Action item: Skip the pictures. Output only the lines below starting at the line with "7 Speed Soft" and ending at the line with "1812 Notre Dame", both ends included, exactly as they are.

Information given:
Content starts
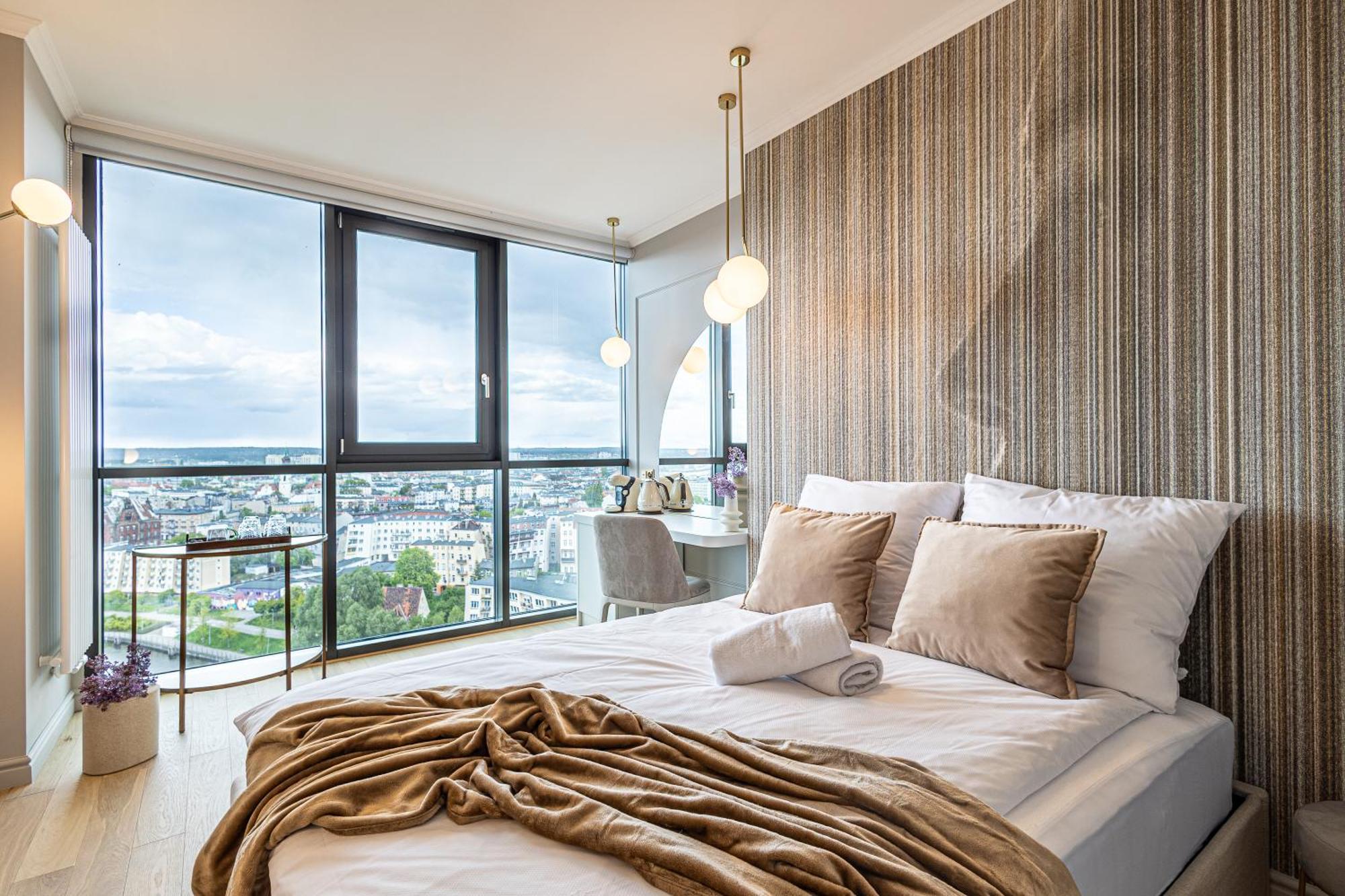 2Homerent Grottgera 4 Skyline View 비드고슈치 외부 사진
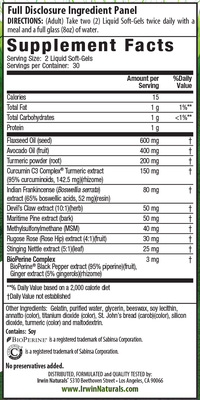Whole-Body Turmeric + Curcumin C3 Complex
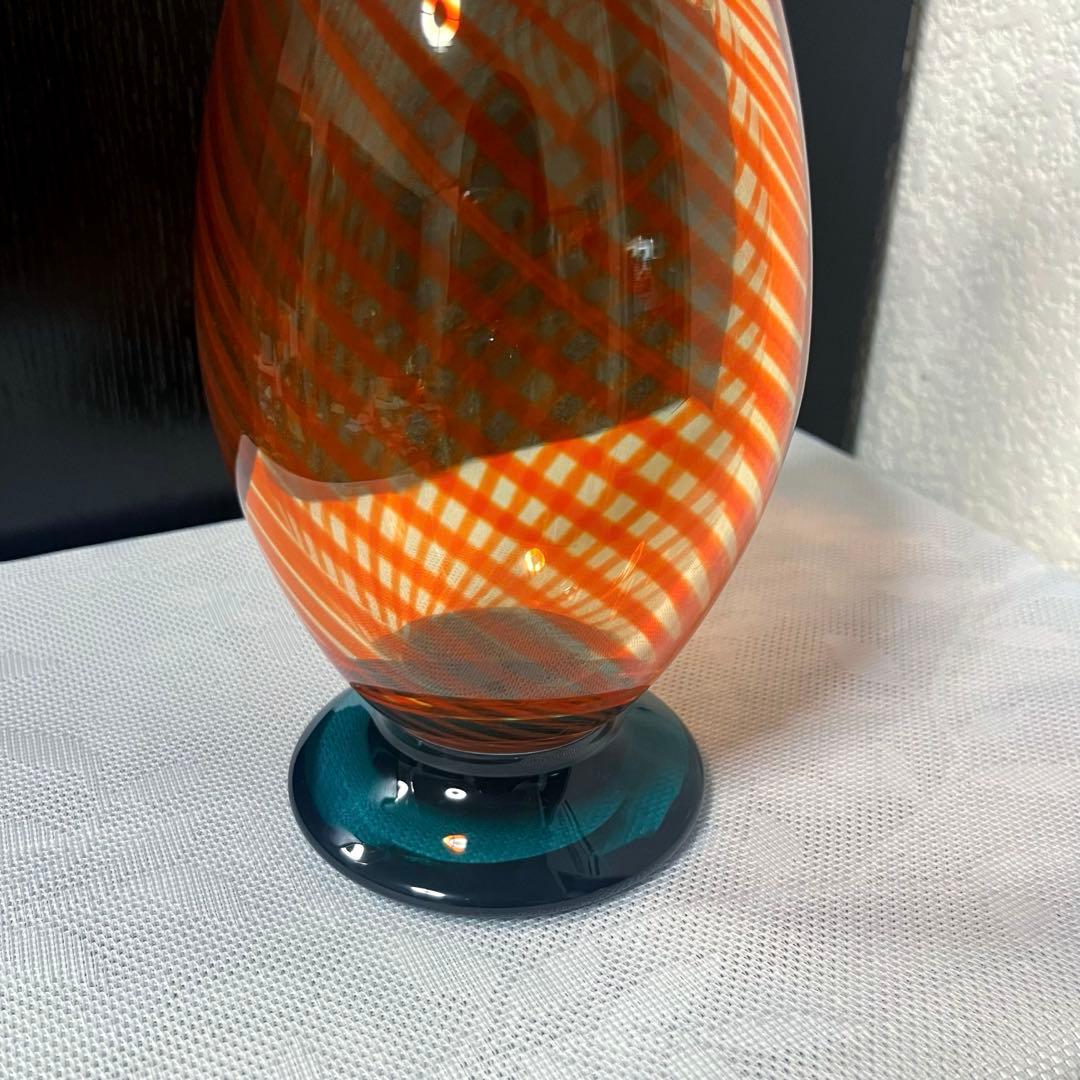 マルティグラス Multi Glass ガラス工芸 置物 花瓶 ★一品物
Content ends
Content starts
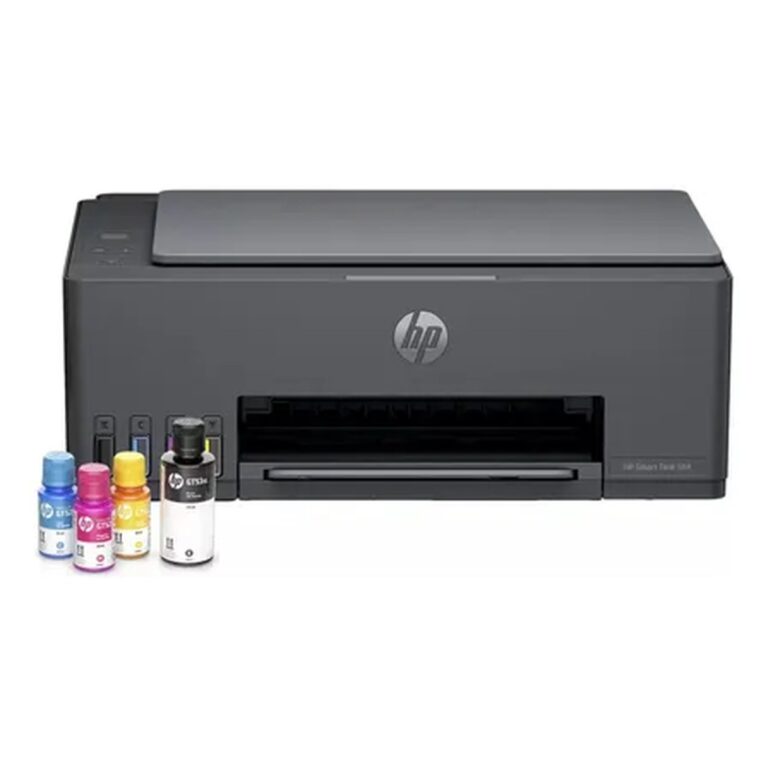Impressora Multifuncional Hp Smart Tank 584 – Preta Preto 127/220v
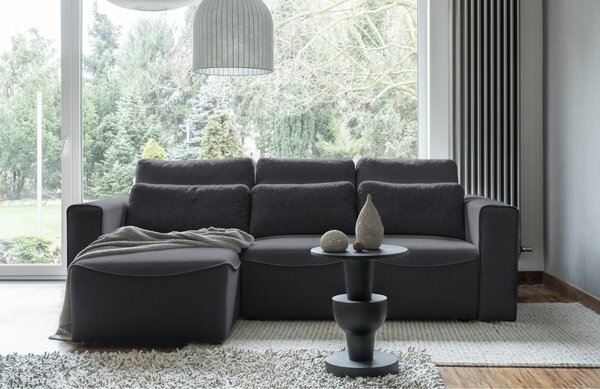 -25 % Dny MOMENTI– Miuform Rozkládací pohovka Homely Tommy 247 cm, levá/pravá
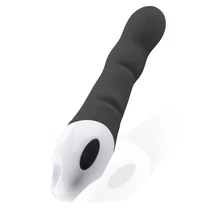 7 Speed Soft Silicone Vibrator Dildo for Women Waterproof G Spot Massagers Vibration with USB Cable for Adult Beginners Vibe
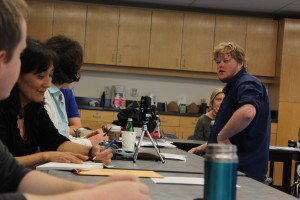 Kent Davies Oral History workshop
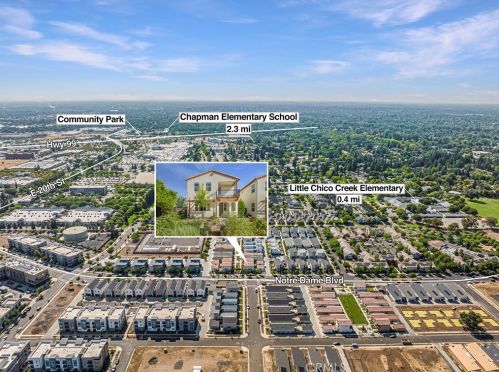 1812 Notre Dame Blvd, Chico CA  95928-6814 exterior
Content ends
Content starts
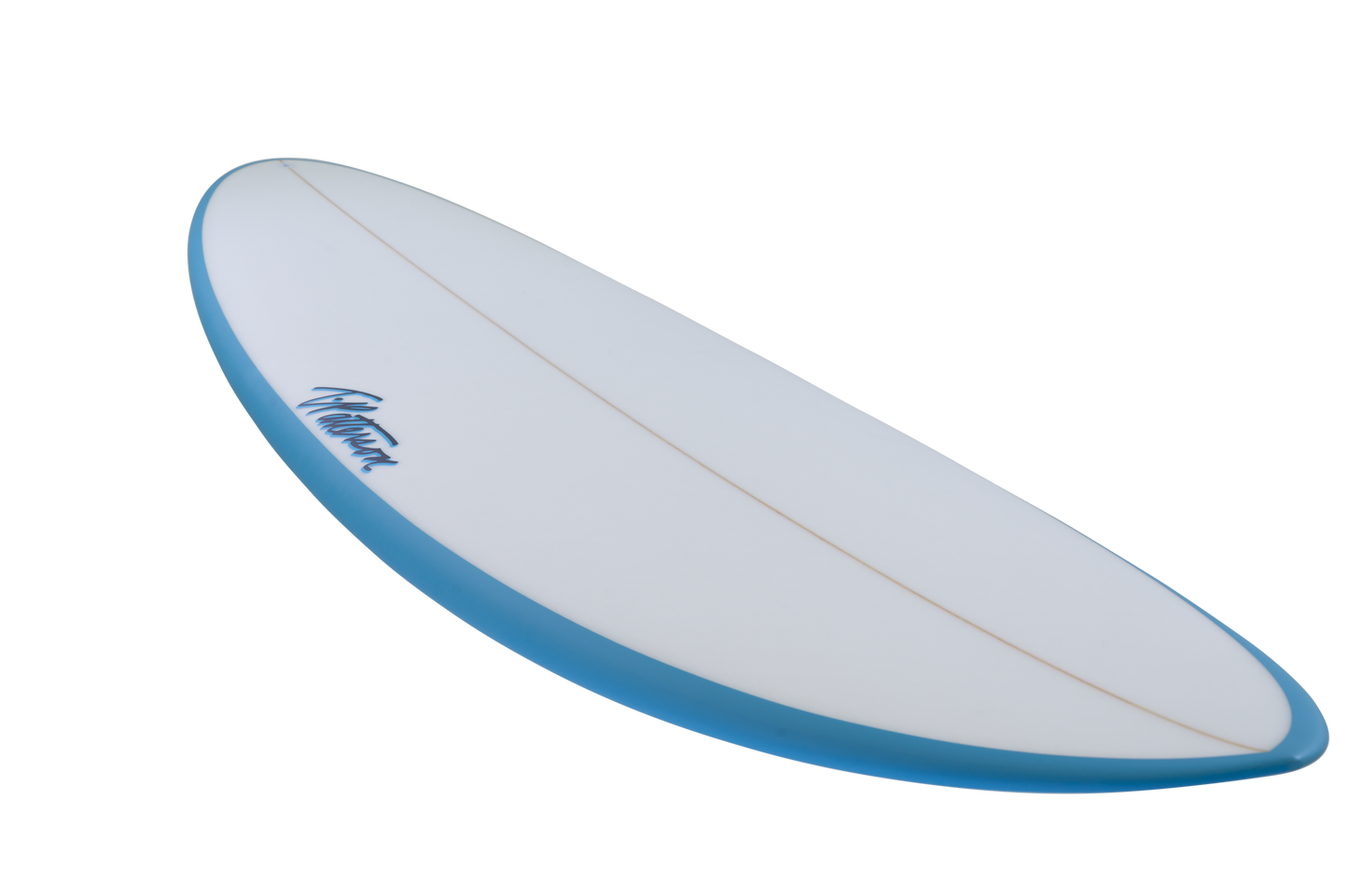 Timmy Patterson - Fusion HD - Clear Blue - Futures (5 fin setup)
Content ends
Your response:
 7 Speed Soft Silicone Vibrator Dildo for Women Waterproof G Spot Massagers Vibration with USB Cable for Adult Beginners Vibe
 Kent Davies Oral History workshop
 1812 Notre Dame Blvd, Chico CA  95928-6814 exterior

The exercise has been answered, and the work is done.